All the political uproar of recent years reminds me of what our nation was going through the year after I graduated from high school. As our family sat by the shores of Bugs Island Lake on the border between North Carolina and Virginia, we watched Richard Nixon resign as US president.

All these years later I wonder where we found a portable TV and electrical source to plug into in that campground without electricity. Knowing my dad, he found a way. We may have been on vacation, but we weren’t about to miss one of the defining moments of that era.

As Nixon left the White House, Vice President Gerald Ford was sworn in to replace him. Ford had become VP the year before when Spiro Agnew resigned due to his own scandal.

But the man who could have been president instead of Ford in 1974 had closed that door years before. Mark Hatfield, former governor of Oregon, was just starting a long career as a US senator. He’d been on Nixon’s VP short list in 1968 until Nixon noted Hatfield’s opposition to the Vietnam War and chose Agnew instead. The rest, as they say, is history.

What attracted this Jersey boy to Hatfield, when all I knew of Oregon was Crater Lake, was how deeply committed he was to his faith and how he had attempted to live out that faith as a man of integrity in a politically complicated world. Two of his books, Conflict and Conscience (1971) and Between A Rock and A Hard Place (1976) greatly influenced me in my 20s.

Hatfield wrote about the tensions he faced when he was asked, “How do you feel when fellow Christians say your political stand – on war, foreign policy, social concerns both domestic and world-wide – makes them doubt the sincerity of your faith?” In response, he replied, “Radical allegiance to Jesus Christ transforms one’s entire perspective on political reality.”

As straightforward as was Hatfield’s evangelical faith, how he lived out that faith in the public sphere was, to put it mildly, complicated. He found himself loved and reviled by members of both major political parties as well as by those who shared his faith.

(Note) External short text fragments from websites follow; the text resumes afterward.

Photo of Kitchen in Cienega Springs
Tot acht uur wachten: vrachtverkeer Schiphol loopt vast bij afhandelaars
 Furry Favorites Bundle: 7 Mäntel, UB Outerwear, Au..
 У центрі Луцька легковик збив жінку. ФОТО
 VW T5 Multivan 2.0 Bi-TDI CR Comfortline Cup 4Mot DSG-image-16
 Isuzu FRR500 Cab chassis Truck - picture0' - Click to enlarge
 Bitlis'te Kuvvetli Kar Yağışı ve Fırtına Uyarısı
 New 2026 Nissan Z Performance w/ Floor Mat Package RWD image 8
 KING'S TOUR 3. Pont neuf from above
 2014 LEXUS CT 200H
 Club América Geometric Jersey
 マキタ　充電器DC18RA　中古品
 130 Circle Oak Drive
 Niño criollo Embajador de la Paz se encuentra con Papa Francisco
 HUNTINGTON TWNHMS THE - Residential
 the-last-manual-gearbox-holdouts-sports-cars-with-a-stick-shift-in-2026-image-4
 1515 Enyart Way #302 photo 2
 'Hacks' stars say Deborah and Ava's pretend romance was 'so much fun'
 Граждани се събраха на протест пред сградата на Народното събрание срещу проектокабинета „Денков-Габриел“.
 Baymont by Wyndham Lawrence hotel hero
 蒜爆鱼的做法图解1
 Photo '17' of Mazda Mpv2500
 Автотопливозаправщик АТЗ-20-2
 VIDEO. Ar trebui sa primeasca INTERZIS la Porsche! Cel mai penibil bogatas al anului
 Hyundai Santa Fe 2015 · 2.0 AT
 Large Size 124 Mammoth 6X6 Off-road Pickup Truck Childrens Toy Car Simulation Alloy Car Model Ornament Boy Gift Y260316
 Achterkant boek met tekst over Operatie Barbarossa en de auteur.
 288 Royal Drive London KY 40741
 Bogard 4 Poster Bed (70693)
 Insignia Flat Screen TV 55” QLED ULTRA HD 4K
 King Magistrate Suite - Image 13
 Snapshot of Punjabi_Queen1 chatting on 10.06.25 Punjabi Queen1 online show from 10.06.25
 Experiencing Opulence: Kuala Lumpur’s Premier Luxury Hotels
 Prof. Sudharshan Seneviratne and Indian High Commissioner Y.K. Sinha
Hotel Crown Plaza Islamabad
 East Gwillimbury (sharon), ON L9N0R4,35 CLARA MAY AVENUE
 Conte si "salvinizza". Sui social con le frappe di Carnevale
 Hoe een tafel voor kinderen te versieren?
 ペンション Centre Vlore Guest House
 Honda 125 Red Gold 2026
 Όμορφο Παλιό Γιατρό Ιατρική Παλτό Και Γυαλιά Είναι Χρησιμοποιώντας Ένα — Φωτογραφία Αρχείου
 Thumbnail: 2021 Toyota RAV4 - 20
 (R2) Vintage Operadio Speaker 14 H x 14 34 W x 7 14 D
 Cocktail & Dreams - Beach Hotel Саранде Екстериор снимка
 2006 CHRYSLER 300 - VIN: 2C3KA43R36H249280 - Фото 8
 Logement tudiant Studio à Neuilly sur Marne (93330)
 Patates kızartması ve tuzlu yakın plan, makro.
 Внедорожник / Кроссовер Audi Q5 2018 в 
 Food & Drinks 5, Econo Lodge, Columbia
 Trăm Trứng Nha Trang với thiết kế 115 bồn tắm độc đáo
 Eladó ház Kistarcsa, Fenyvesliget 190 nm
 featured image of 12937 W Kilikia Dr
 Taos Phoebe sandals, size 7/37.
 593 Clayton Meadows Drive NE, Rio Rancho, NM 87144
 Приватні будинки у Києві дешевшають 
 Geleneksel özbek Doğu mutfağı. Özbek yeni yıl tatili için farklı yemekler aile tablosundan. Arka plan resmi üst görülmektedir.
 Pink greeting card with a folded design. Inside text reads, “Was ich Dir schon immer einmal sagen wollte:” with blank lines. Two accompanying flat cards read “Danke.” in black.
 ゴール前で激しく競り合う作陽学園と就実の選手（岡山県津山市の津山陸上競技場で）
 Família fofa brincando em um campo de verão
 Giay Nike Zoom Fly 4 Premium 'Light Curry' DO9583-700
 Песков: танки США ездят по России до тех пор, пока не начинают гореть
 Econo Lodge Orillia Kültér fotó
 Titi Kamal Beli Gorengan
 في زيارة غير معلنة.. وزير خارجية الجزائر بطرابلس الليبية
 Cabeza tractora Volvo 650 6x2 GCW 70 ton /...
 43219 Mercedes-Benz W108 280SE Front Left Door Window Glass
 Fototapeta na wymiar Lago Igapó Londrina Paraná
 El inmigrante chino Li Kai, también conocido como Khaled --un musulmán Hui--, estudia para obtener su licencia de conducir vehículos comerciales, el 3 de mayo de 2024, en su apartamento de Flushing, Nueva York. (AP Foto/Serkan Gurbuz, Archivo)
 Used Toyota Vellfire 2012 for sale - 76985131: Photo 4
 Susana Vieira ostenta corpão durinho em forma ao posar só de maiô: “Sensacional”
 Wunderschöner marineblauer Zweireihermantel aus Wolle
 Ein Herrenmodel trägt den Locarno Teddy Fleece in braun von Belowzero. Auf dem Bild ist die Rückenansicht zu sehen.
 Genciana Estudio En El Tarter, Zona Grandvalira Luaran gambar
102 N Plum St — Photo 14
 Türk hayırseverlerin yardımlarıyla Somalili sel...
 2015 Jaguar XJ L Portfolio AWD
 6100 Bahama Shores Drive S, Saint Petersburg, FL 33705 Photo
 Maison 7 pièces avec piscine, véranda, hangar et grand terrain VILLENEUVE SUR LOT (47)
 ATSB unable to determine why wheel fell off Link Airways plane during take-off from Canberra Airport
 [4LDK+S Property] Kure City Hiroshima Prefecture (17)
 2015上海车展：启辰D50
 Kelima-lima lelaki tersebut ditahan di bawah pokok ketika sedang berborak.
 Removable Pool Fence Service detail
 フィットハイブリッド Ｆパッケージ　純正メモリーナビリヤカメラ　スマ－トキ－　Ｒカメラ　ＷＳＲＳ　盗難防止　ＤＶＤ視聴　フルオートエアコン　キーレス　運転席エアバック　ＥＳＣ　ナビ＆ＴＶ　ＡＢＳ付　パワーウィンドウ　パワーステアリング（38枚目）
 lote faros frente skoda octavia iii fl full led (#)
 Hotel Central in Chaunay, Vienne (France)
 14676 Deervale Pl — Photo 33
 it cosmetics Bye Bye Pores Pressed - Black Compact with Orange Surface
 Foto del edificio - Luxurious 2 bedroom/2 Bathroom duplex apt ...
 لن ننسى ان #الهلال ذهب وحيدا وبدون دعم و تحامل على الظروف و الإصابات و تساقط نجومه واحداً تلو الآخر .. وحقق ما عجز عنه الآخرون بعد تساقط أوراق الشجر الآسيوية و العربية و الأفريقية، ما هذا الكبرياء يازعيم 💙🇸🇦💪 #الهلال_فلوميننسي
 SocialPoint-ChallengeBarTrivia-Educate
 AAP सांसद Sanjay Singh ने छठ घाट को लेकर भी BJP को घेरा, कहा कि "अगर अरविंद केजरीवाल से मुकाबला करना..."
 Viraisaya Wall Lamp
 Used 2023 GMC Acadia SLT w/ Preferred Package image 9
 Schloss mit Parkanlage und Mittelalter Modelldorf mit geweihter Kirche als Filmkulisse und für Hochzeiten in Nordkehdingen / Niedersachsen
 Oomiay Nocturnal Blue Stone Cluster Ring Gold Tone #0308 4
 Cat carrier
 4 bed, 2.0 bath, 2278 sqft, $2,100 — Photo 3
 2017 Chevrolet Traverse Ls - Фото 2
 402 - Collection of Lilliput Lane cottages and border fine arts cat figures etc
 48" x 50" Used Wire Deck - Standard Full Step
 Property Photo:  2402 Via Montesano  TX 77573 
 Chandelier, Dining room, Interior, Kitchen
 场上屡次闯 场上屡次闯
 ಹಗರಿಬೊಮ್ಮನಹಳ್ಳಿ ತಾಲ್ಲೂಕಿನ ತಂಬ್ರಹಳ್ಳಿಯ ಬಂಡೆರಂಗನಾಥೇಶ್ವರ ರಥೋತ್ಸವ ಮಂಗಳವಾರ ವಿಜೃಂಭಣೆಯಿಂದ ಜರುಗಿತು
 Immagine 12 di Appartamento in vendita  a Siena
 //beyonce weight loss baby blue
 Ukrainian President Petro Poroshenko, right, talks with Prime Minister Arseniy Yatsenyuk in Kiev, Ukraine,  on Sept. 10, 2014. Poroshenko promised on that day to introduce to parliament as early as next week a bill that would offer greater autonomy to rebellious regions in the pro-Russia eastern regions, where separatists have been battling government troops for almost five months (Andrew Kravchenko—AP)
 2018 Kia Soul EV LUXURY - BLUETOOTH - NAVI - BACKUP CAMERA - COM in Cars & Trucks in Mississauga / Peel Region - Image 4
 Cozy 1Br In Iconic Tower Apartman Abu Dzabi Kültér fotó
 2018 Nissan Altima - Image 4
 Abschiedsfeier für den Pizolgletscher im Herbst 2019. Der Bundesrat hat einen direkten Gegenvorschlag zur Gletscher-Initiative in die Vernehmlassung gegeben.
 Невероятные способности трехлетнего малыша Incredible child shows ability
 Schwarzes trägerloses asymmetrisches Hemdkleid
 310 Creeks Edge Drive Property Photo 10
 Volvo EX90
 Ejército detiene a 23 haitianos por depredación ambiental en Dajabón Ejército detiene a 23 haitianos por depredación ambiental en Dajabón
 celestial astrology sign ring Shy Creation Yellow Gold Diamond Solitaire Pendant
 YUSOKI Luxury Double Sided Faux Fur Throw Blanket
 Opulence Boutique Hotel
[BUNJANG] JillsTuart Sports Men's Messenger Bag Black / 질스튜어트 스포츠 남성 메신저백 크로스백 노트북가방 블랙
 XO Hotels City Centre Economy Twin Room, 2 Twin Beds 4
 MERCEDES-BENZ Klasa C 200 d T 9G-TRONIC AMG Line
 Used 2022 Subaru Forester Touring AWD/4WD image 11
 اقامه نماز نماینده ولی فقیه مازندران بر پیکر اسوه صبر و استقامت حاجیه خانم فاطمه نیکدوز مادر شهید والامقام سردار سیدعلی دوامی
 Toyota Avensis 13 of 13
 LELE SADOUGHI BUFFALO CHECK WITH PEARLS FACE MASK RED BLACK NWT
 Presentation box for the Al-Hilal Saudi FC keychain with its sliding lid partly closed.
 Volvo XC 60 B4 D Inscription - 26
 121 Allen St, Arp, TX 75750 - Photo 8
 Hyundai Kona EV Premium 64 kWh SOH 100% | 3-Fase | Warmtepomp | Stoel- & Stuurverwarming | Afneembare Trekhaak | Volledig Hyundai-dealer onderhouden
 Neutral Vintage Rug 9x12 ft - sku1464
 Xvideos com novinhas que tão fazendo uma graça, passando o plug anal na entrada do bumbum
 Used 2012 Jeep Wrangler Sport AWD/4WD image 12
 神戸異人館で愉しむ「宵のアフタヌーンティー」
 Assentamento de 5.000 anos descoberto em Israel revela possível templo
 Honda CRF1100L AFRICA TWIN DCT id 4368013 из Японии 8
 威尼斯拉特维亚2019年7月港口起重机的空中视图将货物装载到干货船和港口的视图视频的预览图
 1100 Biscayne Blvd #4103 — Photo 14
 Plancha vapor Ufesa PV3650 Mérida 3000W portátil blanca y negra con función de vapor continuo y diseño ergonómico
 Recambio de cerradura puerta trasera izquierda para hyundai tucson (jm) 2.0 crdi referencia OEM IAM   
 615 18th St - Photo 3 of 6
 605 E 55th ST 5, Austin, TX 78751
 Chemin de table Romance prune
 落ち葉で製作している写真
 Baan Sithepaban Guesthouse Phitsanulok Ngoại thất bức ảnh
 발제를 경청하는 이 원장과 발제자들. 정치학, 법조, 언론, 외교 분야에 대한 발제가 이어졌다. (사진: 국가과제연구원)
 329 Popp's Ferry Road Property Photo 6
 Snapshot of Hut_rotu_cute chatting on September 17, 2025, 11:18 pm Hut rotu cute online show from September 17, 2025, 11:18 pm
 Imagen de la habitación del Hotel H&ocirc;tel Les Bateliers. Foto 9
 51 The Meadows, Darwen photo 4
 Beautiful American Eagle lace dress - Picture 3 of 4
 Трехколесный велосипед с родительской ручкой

And yet, somehow, he found a way to remain within the political system, becoming a GOP leader, a party with which he was often deeply at odds. Just as he was frequently at odds with the Democrats. And yet he found ways to work with both parties and within our fallen system.

***

As with the days of my youth, we live in a time of intense national division and global tension. Like Mark Hatfield, I find myself stuck between a rock and a hard place when it comes to faith and politics.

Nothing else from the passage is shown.